Campanha: A chamada “guerra às drogas” tem deixado marcas. Milhares de famílias negras são impactadas pela política de extermínio do estado. Seja nas ações do cotidiano, seja emocionalmente. Que impactos essa violência militarizada desenvolve no emocional de quem a atravessa?
Romulo: As pessoas se emocionam com guerras na Europa mas não veem que no próprio país existe genocídio maior. Tráfico é um negócio rentável no Brasil, mas principalmente pra quem gerencia. Isso já se sabe, falta a vontade dos que legislam para mudança. Assim como também ver essa guerra como problema de saúde pública. As microagressões diárias nas noticias, de pessoas pretas morrendo em operações policiais enquanto se vê helicópteros de senadores e avião que transporta o presidente da república com toneladas de cocaína nos mostra em que direção segue a “guerra ao tráfico” e principalmente, afeta diretamente a parte que é vítima e normaliza a morte desses corpos para outro grupo. Nada é por acaso.
Campanha: Diante de tanta violência e perdas na periferia, contra pessoas negras, como a psicologia trabalha o emocional desta população?
Romulo: Hoje vivemos um marco no momento da psicologia, que sempre foi embranquecida e com poucos (as) profissionais que englobassem diversidade.

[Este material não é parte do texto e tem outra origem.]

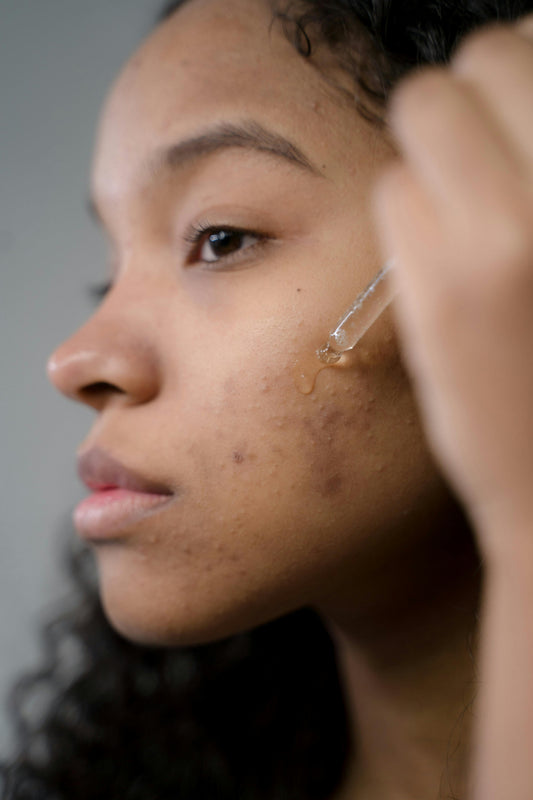 Does Niacinamide Help Acne and Acne Scars?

Existe um grande número de psis que já atuam frente a esse amparo, assim como projetos, ONGS e institutos, como o “da cor ao caso”, do qual sou sócio e diretor. Ofertar atendimento clínico a essa população que sempre teve pouco acesso e incentivo pra cuidar de sua saúde mental e expor suas emoções já é uma revolução.
Campanha: Quais os riscos psíquicos a que a população negra está exposta?
Romulo: A saúde mental da população negra é afetada pela exposição ao racismo, desde cedo. As condições que foram colocadas pelas mazelas históricas, pelas notícias dos noticiários, seja em qualquer ambiente, a pessoa preta está sujeita a desenvolver transtornos mentais como consequência dessas agressões quase que cotidianas. Fazer terapia pro povo preto é uma revolução.